Closing of Company Transfer Books. At the Effective Time, the stock transfer books of Company shall be closed, and no transfer of Shares shall thereafter be made. If, after the Effective Time, certificates representing Shares are presented to the Surviving Corporation, they shall be canceled and exchanged for Merger Consideration applicable to such Shares.
Closing of Company Transfer Books. At the Effective Time, the stock transfer books of the Company shall be closed and no transfer of shares of Company Common Stock shall thereafter be made on the records of the Company. If, after the Effective Time, Certificates are presented to the Surviving Corporation, the Exchange Agent or the Parent, such Certificates shall be canceled and exchanged as provided in this Article I.
Closing of Company Transfer Books. Immediately prior to the Effective Time, the Company Common Stock transfer books shall be closed and no transfer of Company Common Stock shall thereafter be made.
Closing of Company Transfer Books. SECTION 1.9
Closing of Company Transfer Books. At the Effective Time, (a)(i) each certificate formerly representing any Company Share (“Company Share Certificate”) and (ii) each uncertificated Company Share (“Book-Entry Share”) formerly representing any Company Share shall cease to be outstanding and (other than any Excluded Shares) shall represent only the right to receive the number of Parent Shares (and cash in lieu of any fractional Parent Shares) as contemplated by Section 2.08 and any dividends or other distributions to which the holders thereof are entitled pursuant to Section 2.10(f) and all holders of Company Share Certificates or Book-Entry Shares shall cease to have any rights as Company Stockholders; and (b) the stock transfer books of the Company shall be closed with respect to all Company Shares outstanding immediately prior to the Effective Time. No further transfer of any such Company Shares shall be made on such stock transfer books after the Effective Time. If after the Effective Time, a valid certificate previously representing any Company Shares is presented to the Exchange Agent, to the Surviving Corporation or to Parent, such Company Share Certificate shall be cancelled and shall be exchanged as provided in this ARTICLE 2.
Closing of Company Transfer Books. As of the date hereof, the stock transfer books of the Company shall be closed and no transfer of shares of Company Stock shall thereafter be made. If Certificates are presented to the Surviving Corporation, they shall be canceled and exchanged for certificates representing shares of Acquiror Stock or cash in accordance with the terms hereof. The holders of shares of Company Stock to be exchanged for shares of Acquiror Stock pursuant to this Agreement shall cease to have any rights as shareholders of the Company, except for the right to surrender such Certificates in exchange for shares of Acquiror Stock as provided hereunder or such dissenters' rights as are provided under applicable law.

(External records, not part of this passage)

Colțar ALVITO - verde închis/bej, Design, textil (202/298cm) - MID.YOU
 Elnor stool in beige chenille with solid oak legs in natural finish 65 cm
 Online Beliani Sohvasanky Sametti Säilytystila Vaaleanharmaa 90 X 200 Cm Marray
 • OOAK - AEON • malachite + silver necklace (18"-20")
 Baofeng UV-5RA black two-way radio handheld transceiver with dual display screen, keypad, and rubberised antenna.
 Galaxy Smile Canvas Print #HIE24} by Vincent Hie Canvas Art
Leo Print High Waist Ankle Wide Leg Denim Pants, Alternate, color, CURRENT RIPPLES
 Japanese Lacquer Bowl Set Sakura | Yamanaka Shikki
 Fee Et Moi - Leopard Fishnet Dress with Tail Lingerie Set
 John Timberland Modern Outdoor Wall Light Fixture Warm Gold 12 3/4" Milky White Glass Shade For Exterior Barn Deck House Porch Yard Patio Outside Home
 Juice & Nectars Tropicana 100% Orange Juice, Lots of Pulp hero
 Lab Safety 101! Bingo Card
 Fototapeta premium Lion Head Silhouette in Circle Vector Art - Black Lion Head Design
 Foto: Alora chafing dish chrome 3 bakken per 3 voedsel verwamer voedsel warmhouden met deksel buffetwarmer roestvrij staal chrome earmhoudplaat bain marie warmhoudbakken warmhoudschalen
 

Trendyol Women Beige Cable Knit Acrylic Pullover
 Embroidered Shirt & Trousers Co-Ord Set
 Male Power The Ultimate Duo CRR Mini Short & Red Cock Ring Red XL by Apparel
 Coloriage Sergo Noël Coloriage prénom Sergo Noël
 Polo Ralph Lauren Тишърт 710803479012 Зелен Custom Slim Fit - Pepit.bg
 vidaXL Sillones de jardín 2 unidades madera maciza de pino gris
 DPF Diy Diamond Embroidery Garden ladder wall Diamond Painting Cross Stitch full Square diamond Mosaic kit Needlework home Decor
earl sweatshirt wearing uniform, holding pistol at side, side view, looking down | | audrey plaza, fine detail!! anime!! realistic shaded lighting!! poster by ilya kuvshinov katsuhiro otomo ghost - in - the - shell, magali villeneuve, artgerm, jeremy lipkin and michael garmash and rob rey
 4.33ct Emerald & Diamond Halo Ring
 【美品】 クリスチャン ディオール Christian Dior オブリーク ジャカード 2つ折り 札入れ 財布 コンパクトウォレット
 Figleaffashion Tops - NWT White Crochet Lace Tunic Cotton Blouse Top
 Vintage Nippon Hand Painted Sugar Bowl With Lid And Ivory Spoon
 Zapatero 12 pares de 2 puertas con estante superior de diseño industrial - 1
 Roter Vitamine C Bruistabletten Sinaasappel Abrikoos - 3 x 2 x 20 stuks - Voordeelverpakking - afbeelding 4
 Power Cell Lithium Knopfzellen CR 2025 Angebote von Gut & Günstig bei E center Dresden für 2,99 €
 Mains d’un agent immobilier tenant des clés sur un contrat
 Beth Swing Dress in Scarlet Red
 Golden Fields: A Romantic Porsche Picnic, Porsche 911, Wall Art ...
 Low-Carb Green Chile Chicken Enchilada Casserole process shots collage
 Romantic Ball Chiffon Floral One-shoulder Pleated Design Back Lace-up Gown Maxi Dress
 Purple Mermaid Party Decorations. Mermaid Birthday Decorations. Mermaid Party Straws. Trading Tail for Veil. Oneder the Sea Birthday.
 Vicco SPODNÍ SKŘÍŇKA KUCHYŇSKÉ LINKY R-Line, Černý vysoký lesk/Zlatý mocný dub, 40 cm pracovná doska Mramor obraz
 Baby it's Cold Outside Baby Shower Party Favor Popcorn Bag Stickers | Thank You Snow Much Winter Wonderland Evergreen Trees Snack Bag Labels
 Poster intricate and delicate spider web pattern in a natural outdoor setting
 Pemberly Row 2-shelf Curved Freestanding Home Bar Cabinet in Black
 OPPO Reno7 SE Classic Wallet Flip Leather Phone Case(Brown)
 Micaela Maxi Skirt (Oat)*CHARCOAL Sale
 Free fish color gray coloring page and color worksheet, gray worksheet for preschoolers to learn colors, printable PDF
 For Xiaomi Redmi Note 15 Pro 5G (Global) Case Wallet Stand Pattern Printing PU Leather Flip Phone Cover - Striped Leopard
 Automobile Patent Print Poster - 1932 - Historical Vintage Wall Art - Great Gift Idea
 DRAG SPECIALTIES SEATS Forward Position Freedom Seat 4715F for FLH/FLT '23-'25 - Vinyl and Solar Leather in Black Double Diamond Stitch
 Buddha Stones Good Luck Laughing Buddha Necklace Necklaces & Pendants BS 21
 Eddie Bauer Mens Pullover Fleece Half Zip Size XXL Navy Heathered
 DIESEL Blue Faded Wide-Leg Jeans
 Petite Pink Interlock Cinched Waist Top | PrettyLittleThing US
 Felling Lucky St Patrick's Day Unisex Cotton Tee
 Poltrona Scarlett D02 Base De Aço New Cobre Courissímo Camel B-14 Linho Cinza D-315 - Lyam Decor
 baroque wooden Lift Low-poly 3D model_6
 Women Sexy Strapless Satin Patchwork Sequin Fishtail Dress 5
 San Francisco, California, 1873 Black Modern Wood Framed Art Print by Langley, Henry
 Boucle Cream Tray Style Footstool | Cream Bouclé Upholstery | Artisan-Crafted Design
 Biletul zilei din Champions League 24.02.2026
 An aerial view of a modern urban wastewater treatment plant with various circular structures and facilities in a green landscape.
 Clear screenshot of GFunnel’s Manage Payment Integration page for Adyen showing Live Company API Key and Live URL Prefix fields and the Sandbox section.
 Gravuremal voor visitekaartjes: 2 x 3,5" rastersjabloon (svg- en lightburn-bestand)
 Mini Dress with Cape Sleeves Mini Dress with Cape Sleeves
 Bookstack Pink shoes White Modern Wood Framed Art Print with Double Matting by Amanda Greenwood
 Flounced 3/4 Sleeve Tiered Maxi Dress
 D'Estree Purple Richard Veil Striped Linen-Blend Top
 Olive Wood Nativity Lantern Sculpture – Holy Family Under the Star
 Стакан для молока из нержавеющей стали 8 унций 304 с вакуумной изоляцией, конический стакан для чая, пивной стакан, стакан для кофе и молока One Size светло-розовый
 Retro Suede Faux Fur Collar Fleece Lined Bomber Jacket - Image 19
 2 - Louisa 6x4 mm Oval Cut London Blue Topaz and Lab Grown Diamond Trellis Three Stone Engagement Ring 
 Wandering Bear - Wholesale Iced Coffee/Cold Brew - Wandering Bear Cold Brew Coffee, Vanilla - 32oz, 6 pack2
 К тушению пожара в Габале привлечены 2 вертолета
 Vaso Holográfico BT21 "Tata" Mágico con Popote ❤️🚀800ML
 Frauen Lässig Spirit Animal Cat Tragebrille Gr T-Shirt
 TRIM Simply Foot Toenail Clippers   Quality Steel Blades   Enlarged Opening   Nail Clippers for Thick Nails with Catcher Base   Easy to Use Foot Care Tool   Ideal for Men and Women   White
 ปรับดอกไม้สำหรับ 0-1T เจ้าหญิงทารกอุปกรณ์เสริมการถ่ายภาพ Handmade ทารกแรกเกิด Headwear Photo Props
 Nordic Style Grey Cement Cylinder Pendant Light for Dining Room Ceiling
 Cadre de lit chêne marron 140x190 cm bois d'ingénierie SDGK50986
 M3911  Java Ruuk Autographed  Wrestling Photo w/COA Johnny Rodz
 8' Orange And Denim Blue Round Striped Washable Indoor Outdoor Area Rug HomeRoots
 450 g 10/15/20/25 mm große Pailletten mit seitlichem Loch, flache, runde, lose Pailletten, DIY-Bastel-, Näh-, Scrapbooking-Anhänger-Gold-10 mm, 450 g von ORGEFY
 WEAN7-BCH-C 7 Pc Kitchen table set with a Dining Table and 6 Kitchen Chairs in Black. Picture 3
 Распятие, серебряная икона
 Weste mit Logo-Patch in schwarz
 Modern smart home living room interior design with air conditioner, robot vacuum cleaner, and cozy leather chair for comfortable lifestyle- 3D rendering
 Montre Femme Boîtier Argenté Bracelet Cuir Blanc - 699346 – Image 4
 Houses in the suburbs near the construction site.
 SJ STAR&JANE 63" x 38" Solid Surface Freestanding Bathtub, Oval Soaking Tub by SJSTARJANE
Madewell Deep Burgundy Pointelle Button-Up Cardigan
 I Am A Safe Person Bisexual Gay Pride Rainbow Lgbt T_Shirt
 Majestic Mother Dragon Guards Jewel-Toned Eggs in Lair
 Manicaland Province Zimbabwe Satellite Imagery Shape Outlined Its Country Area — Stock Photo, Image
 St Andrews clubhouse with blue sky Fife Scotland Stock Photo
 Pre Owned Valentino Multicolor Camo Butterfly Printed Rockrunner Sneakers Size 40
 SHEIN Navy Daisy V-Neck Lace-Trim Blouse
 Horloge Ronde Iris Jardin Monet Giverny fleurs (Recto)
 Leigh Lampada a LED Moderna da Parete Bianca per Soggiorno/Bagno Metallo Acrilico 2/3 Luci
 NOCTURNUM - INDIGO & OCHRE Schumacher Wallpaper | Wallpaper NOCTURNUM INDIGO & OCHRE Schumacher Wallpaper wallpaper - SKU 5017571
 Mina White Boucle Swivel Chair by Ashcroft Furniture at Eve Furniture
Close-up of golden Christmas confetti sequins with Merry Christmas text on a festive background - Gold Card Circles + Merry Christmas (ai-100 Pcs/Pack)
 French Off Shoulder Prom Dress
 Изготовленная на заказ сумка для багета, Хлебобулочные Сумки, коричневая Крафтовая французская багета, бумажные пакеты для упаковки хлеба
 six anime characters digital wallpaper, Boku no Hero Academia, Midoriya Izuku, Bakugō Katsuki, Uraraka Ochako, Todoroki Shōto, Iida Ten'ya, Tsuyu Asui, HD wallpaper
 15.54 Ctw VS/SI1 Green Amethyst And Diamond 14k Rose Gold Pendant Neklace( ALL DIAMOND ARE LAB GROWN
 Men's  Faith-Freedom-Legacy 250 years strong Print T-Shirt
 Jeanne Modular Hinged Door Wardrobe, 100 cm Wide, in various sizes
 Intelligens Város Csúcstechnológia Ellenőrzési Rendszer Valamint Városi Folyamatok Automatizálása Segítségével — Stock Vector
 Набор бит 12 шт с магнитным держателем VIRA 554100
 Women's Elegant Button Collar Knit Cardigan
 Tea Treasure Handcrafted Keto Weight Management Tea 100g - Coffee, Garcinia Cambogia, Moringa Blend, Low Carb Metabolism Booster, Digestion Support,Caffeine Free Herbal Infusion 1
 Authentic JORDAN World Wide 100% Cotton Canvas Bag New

Closing of Company Transfer Books. At the close of business on the day on which the Effective Time occurs, the share register of the Company shall be closed, and there shall be no further registration of transfers on the share register of the Surviving Company of the Shares that were outstanding immediately prior to the Effective Time. If, after the Effective Time, any Certificate evidencing Shares is presented to the Surviving Company or Paying Agent for any reason, it shall be canceled against delivery of cash to the holder thereof as provided in this Article III.
Closing of Company Transfer Books. At the Effective Time, the stock transfer books of the Company shall be closed and no transfer of shares of Company Stock shall thereafter be made. On or after the Effective Time, all Certificates presented to Parent for any reason shall be converted into the Merger Consideration in respect of the shares of Company Stock formerly represented thereby, any cash in lieu of fractional shares of Parent Common Stock to which the holders thereof are entitled pursuant to Section 1.7 and any dividends or other distributions to which the holders thereof are entitled pursuant to Section 1.6(d).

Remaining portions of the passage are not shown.